Os nossos “rivais” e amigos falam, finalmente, como adolescentes e relacionam-se entre si de forma carinhosamente dorky, porque cada um, à sua maneira, é completamente apaixonado por uma faceta de Pokémon: relacionando-os, imediatamente, não só com os adultos que levam 26 anos desta saga, como com os jovens que encontram aqui um espaço de normalidade para o seu carinho e afecto com Pokémon.
É uma excelente forma de nos ligar emocionalmente às personagens e, desta vez, de nos poupar a linhas e linhas de diálogo sensaborão, sem personalidade, num sem fim de cutscenes. Curiosamente, para um jogo que até introduz uma história global bastante robusta, repleta de pequenos arcos narrativos integrados, o texto narrativo e a exposição são mantidas num mínimo digerível para uma franquia que não é de todo conhecida pela riqueza do guião.

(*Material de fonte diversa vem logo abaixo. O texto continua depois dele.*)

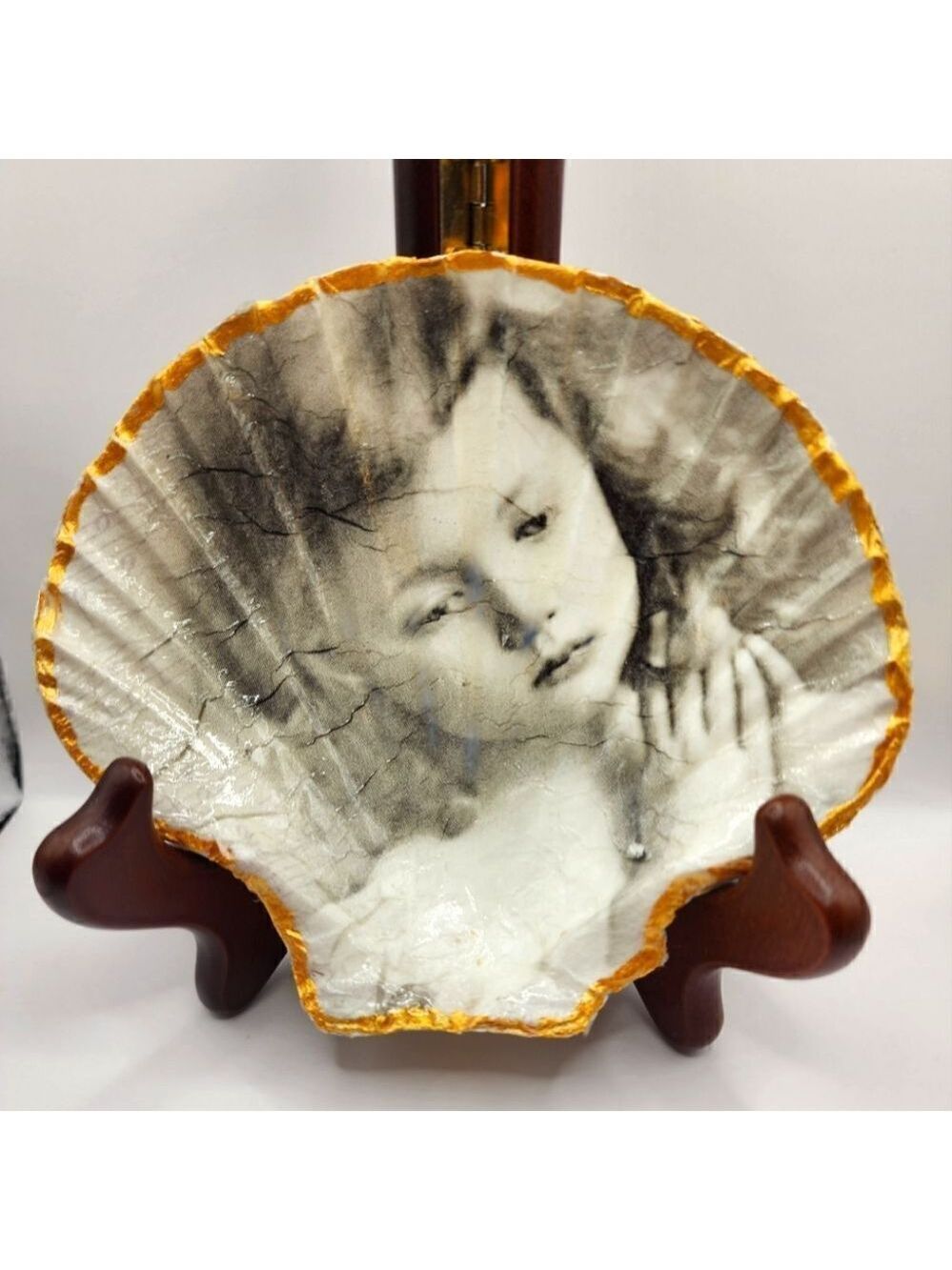 SCALLOPED FAN SHELL 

O papel da Team Star, a equipa de arruaceiros de Pokémon Scarlet, também acaba por ser muito mais diluído e inofensivo que noutros jogos: são um grupo de miúdos que faltam à escola e tentam mostrar-se os líderes da academia através da força e dos números, com um ângulo narrativo muito querido e até didático, demonstrando uma sensibilidade e capacidade de tímida integração louvável da equipa da Game Freak.
Isto porque, em Pokémon Scarlet, não temos um caminho “linear”, temos três: O caminho tradicional dos 8 ginásios e eventual Elite Four, o caminho dos Pokémon Titãs com Arven e o caminho da Operação Starfall, contra a Team Star. Não temos que escolher um até porque para terminarmos o jogo precisamos de concluir os três, mas a ordem pela qual avançamos cada história é deixada ao nosso critério.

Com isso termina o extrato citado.